Wagner: Year-end spending

Deadlines for submitting acquisition requests are coming earlier each year, so be forewarned

Pity federal program managers. As the fiscal year starts, many often don't have a budget and must operate under a continuing resolution, sometimes for an entire year. If a budget is enacted, the year may be half over before program managers even get the money. For those managing with 'one year money,' dollars expire at the end of the fiscal year, not 12 months after they get them. At the same time, oversight bodies lie in wait, watching for end-of-year dumping, or failing to adhere to procedure.

Meanwhile, it gets more difficult to obligate the money that arrives late. Procedures are getting more complex, more time-consuming and involve more reviewers.

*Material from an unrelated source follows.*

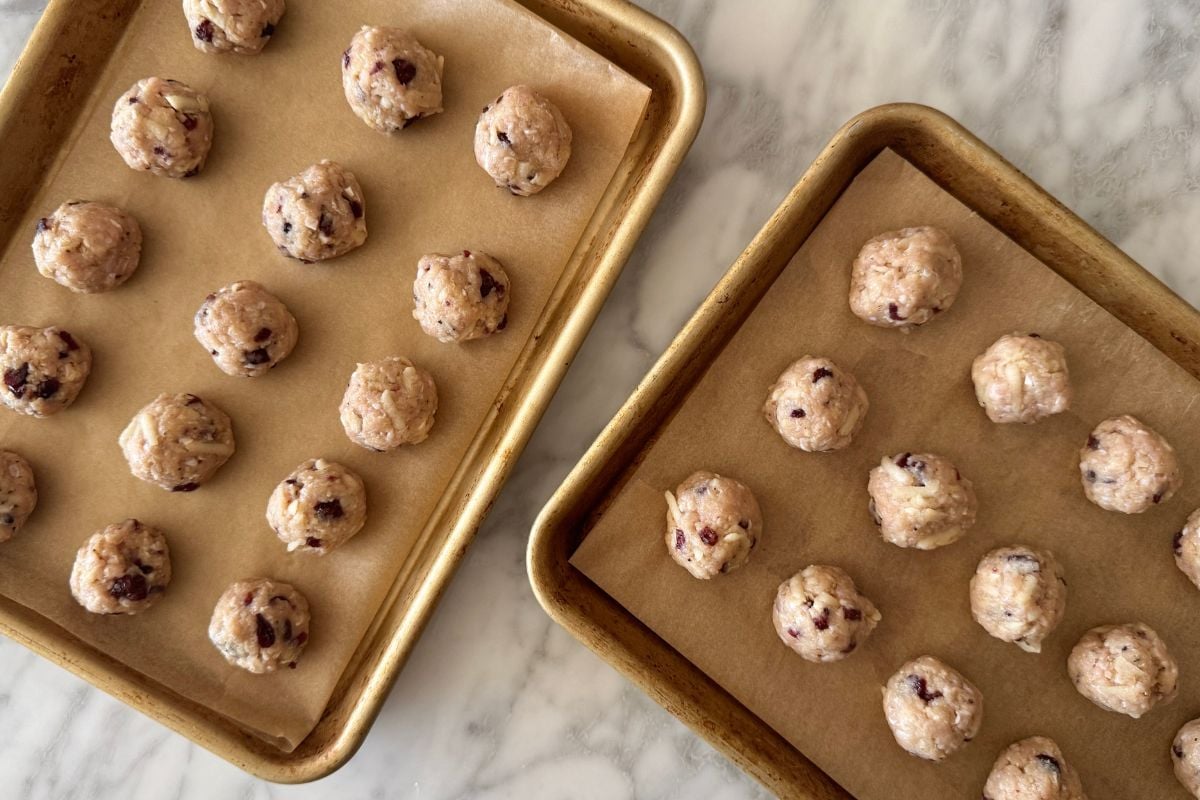 Cranberry apple chicken meatballs formed on sheet pans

The government is doing more work through contracts, so shortages in the acquisition workforce mean fewer people must do more work to obligate more money. Deadlines to get in acquisition requests are moving earlier. As one pundit said three years ago, 'July is the new August,' referring to the deadline for submitting requirements for an award within the fiscal year. I am waiting for someone to announce that June is the new July.  

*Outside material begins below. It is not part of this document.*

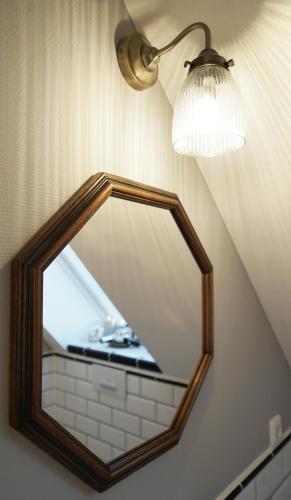 a mirror on a wall with a light and a lamp at Greenhell Farmhouse in Nohn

These expenditures support programs that matter. Being late or ineffective affects defense, the environment, health care or the mission of the agency. It's tempting to lament the problems of increased procedural complexity, the perverse incentives that come with  'one-year money,' or failures of governance. Because it seems likely that things will be getting worse, it's more fruitful to explain how effective program managers address the world they have.

Let's begin with the bad news. It's already too late for this fiscal year. This advice is for next year. End-of-year decisions require a balance of priority and practicality.  The lower priority with a contract vehicle will trump a higher priority that cannot be awarded. Practicality takes work upfront.

Here are some tips. One, begin early and plan an acquisition strategy that builds in excess capacity and faster reaction times.   That means having contracts or interagency agreements with options that can be funded incrementally.  This applies to acquisitions planned and executed over years and those for new activities. Watch for new financial interpretations. Recent ones from some chief financial officers impose new limits on what can cross fiscal years.

Two, build a good relationship with your contracting folks. Help them to understand your requirements, let them know early what is coming and don't ask them to do your work. Give them real requirements for what they can buy on your behalf.  Cordial relations help. They matter when priorities come down to the wire. Ideally, as the end of the fiscal year approaches, you will have contracts and interagency agreements established that can be added to in the final crunch.

Finally, always spend the money wisely to support the mission. Resources are tight and getting tighter. We can't afford to waste them, no matter what the system encourages us to do.

Wagner is a senior fellow at the IBM Center for the Business of Government. He recently retired after more than 30 years in government, serving for a time as the acting commissioner of the General Services Administration's Federal Acquisition Service.